The easy answer is no, it is not necessarily needed. In most states it is not a legally binding agreement anyway, so why go through the effort?
There are actually some very good reasons why having a LOI is crucial to every dental practice transaction, in spite of it not always being a legally binding agreement. In my opinion, there really is no downside to having one. Let’s discuss what a letter of intent is and what purposes it serves.
The primary purpose of the letter of intent is just as it’s titled, to lay out what one’s intent is as it relates to the transaction at hand. It should be a one or two page letter or memo detailing some of the major points of the transaction. In the case of a sale or purchase of a dental practice, some of these major points typically identify: what’s being purchased, the parties involved, the price, the timing of the payment, the structure of the transaction, exclusions, covenant details, seller’s compensation and general terms, buyer contingencies, time frames for acceptance of offer and due diligence, deposit requirements, etc.
As mentioned above, since the majority of these letters are NOT necessarily legally binding and may be somewhat boiler-plate, they shouldn’t cost too much in the way of professional fees to put one together. While you may not need to have an attorney involved to draft and submit a letter of intent, we do suggest you have attorney look over it before submitting it to the other party. If you can hammer out the meat of the transaction BEFORE engaging your attorney you may save money and a lot of headaches having your attorneys iron out these issues.
The letter should be a way for the parties to document what they believe has been discussed as it pertains to the major points. It serves as a way to let the seller know your intent to purchase the dental practice is serious enough to make a written offer and should give them some level of confidence that you’ll be committed to the transaction.

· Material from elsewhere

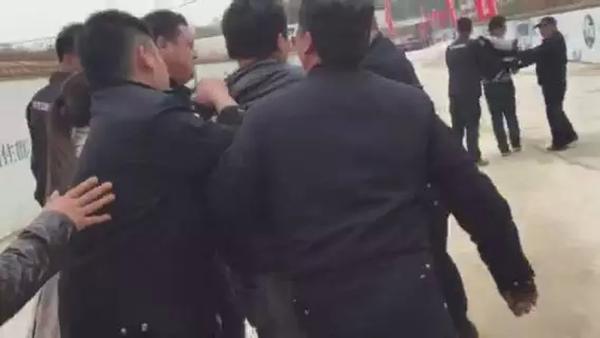 鄭州樓盤著火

It is customary for the seller to require a deposit with the signed letter of intent. The amounts can vary, however, it’s usually in the range of $5,000. Many times the deposit is non-refundable so if the buyer walks away from the transaction, the seller is covered for any professional fees they’ve incurred to entertain the offer. If a seller requires a substantial deposit then the seller may also have to commit to a penalty if they walk away.
The drawback of NOT having a LOI is that without consensus on the main points, the two parties can wind up going back and forth, or worse, the attorneys or other professionals go back and forth on the main points and the parties wind up spending more in professional fees than they have to. Do yourself a favor and minimize your stress level, start with a LOI BEFORE jumping right to the legal agreements.